◆ **Recorded data**
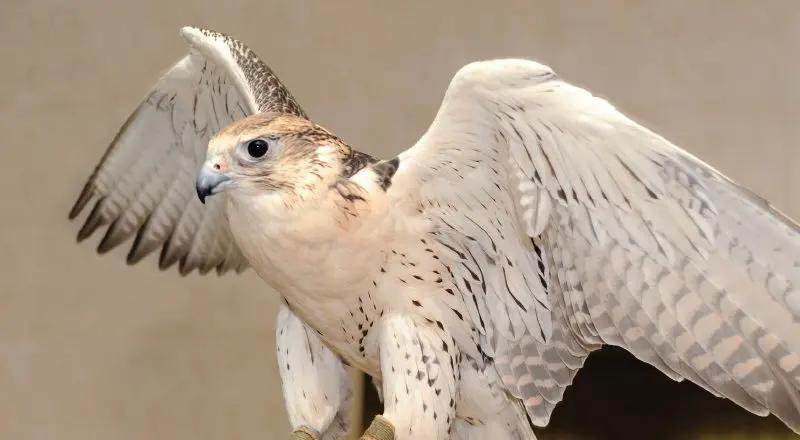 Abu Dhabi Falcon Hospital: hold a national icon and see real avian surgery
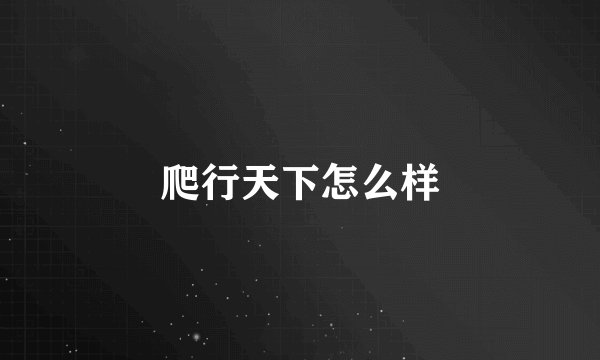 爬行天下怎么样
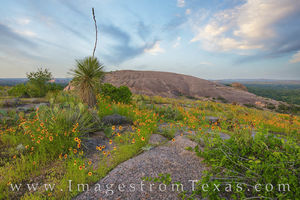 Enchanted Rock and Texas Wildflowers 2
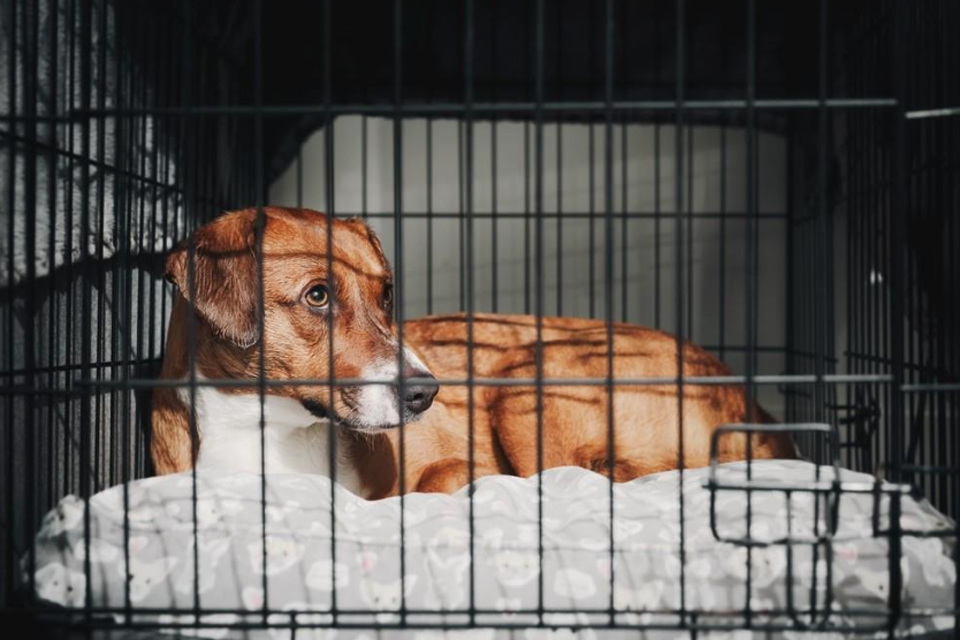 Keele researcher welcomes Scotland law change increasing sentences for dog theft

◆ **What you are asked to do**
Return the listing unchanged except for the pictures, which should be dropped.

◆ **Task result**
 Abu Dhabi Falcon Hospital: hold a national icon and see real avian surgery
 爬行天下怎么样
 Enchanted Rock and Texas Wildflowers 2
 Keele researcher welcomes Scotland law change increasing sentences for dog theft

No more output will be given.